If they do that, they should be responsible if the content break laws.
Oh, yes I agree they should be responsible for anything they generate themselves, but if it’s just a regurgitation of content that their web crawler pulled from a website which then appeared in search results then it’s the original website that should be responsible.
It seems like a heavy-handed enforcement of this policy could just break web search functionality entirely.
Downvoters have no idea how web indexes work.
So if Google pulls out the wrong part of your website and gives dangerous information, you’d be responsible?

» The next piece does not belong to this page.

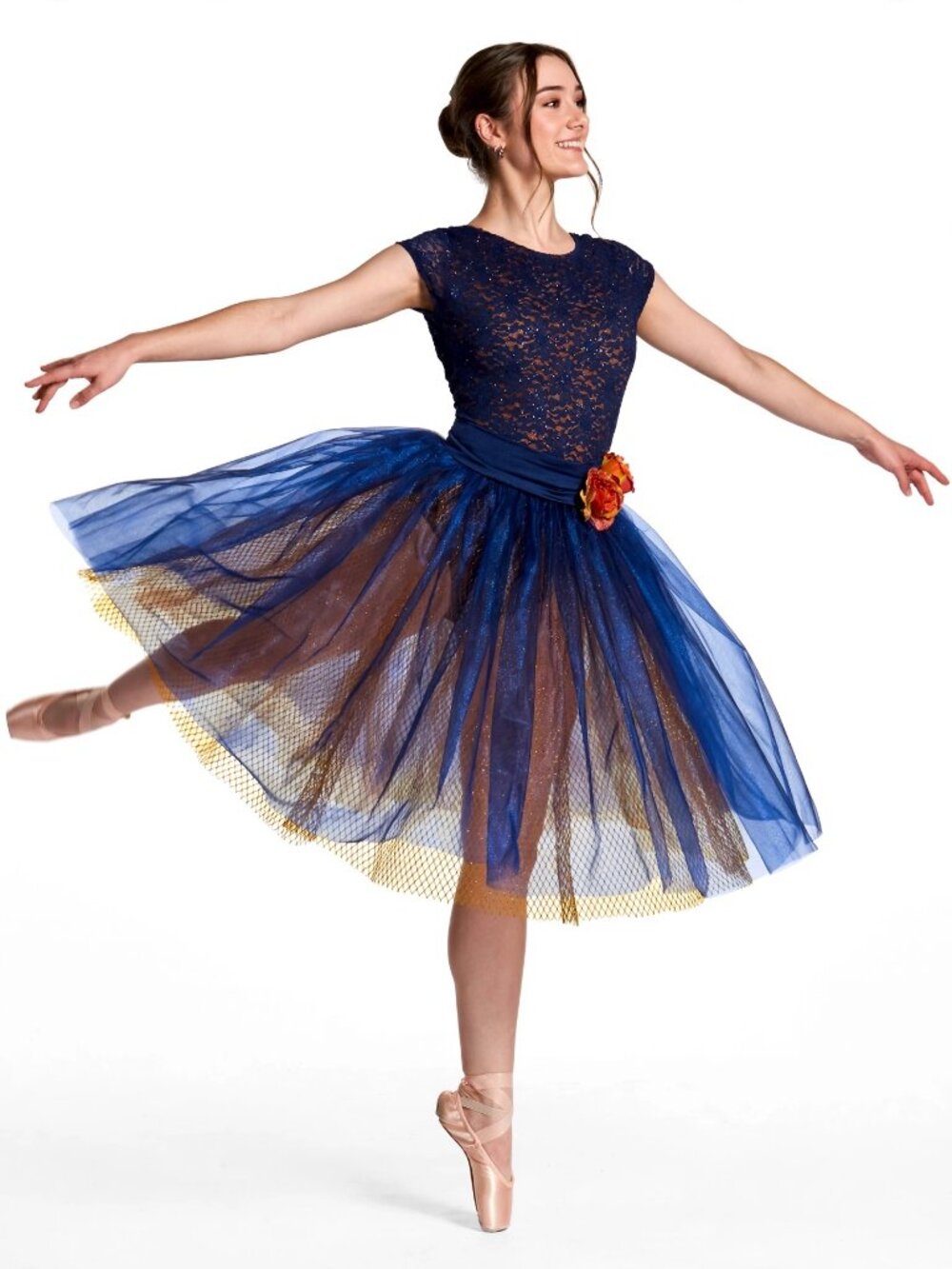 Adult & Teen Dance Costume Performance Pagent Ballet-Navy Sequin w/skirt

Well, why is that ‘dangerous information’ available to be pulled out of my website in the first place?
My guy, leaving out context can change whether information is dangerous or not.

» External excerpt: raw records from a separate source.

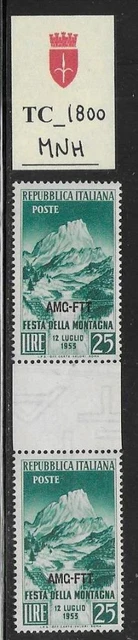 TC_1800. TRIESTE FTT. Gutter pairs of 25 Lire 1953 "FESTA MONTAGNA". MNH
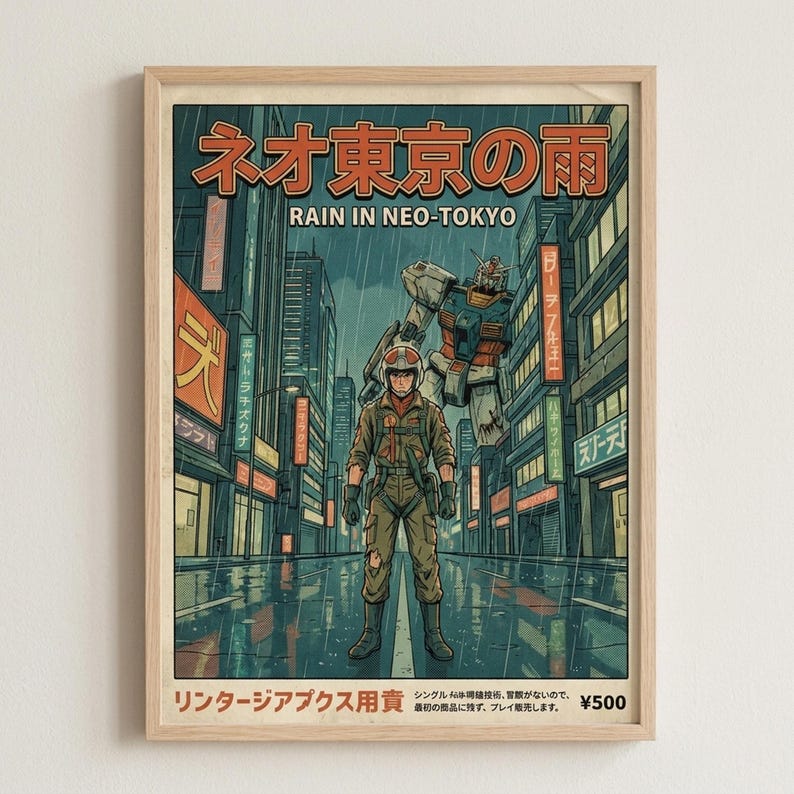 Rain In Neo Tokyo, Gundam-animeprint, retro cyberpunk-mechaposter, muurdecoratie in huis afbeelding 2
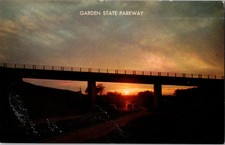 Overpass Garden State Parkway at Sunset Chrome Postcard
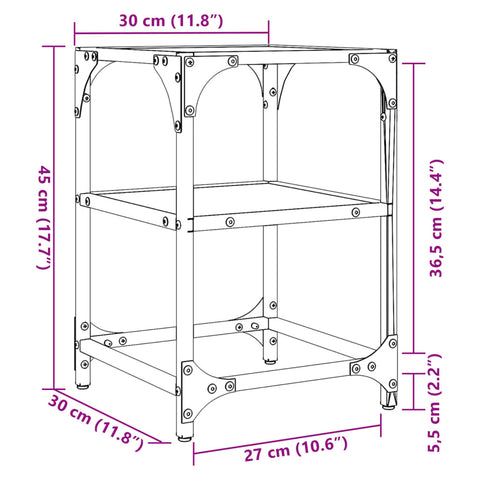 vidaXL Couchtische mit Glasplatte 2 Stk. Transparent 30x30x45 cm Stahl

Say I have a website that explains how to get clothes clean, and I recommend bleach. I also have a subsection “Danger: things you should never do with bleach!” listing dangerous things, e.g. “drinking bleach”. Now Google pulls out only that list without the heading.

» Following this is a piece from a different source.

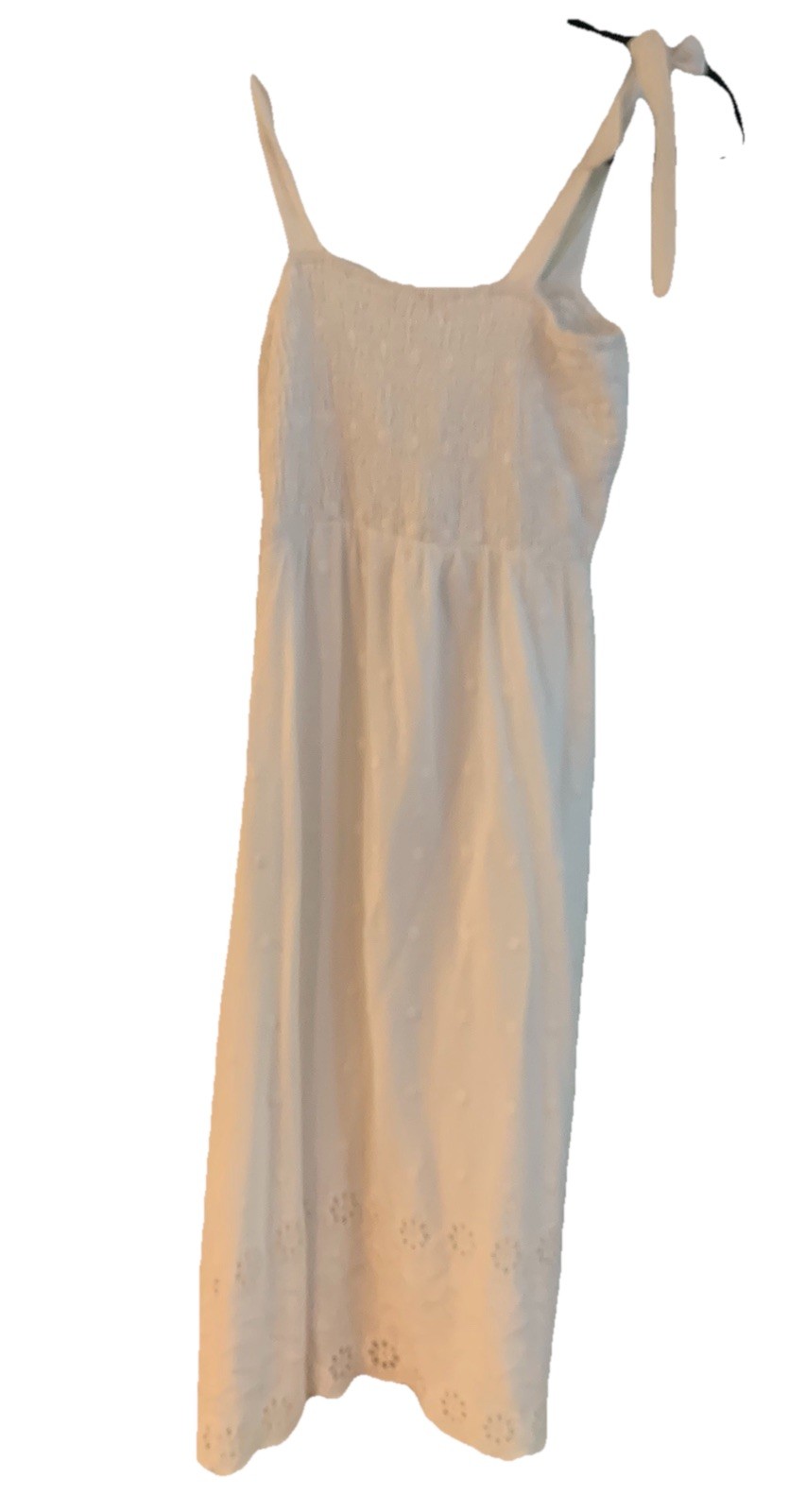 White summer long cotton eyelet dress tie sleeveless scalloped design edge Sm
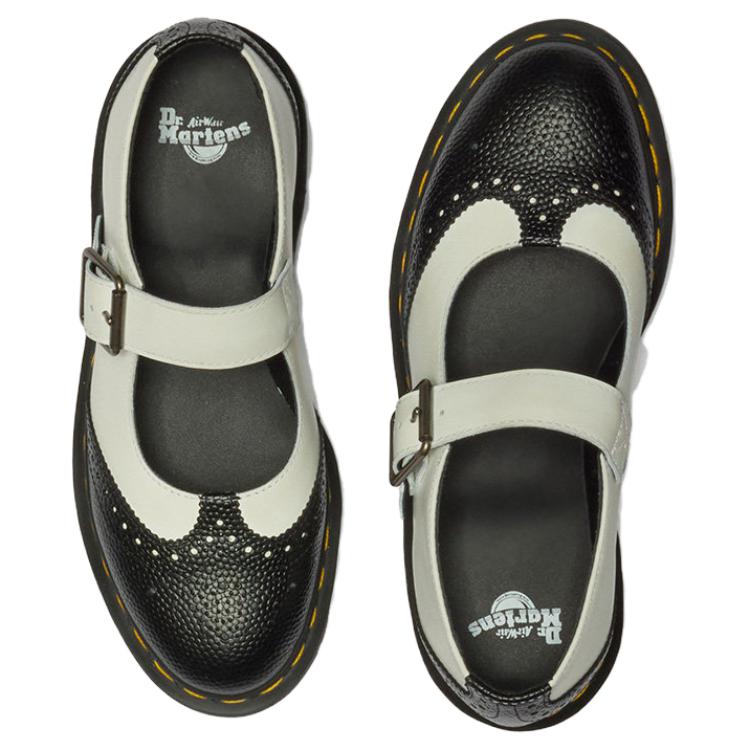 Dr. Martens Originals Simple Elegant Chunky Heel Mary Jane Shoes 3cm Women shoes Black White 42345001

In your world, I’m responsible for Google showing information in the wrong context, which is nuts. I can’t be expected to write everything so it’s unambiguous, no matter how small a snippet you extract.
“You don’t want to drink bleach on a sunny day” could be understood as “It’s okay to drink bleach on a cloudy day”
Um… “could be”…? Literally anything anybody writes could be misinterpreted, so I don’t really see the point of this line of argument, nor any value in legislating around it.